Vous ne vous doutez certainement de rien, mais une incroyable lutte de pouvoir se déroule dans les profondeurs sous-marines où les créatures abyssales se disputent le trône et sont prêtes à tous les coups bas pour étendre leur influence sur les poulpes, hippocampes, coquillages, crabes et méduses. Le soutien de ces peuples alliés leur est même crucial pour attirer l’attention des puissants seigneurs de la cour, ceux là même qui leur donneront ensuite accès à de prestigieux lieux pour étendre toujours un peu plus leur influence.

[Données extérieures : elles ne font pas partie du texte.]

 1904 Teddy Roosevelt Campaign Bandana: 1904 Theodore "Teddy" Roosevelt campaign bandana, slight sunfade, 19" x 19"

Le premier contact avec Abyss est d’ordre purement esthétique. Accueilli par le regard inquisiteur d’une inquiétante créature placardée sur la boîte de jeu, le joueur sait qu’il plonge dans un univers particulier et totalement unique. Ce visage qui nous dévisage prend tout l’espace sur la devanture et traduit implicitement la volonté de l’éditeur Bombyx de mettre en avant le splendide travail de l’illustrateur Xavier Collette, quitte à renvoyer le nom du jeu sur la tranche de la boîte. Pour appuyer cette décision culottée, l’éditeur a également mis en place cinq versions différentes du boîtier, chacune dédiée à un visage différent directement associé à l’un des cinq peuples du jeu. Dans Abyss, on trouve ainsi les crabes militaires en rouge, les hippocampes cultivateurs en jaune, les coquillages marchands en vert, les poulpes politiciens en bleu et les méduses mages en violet.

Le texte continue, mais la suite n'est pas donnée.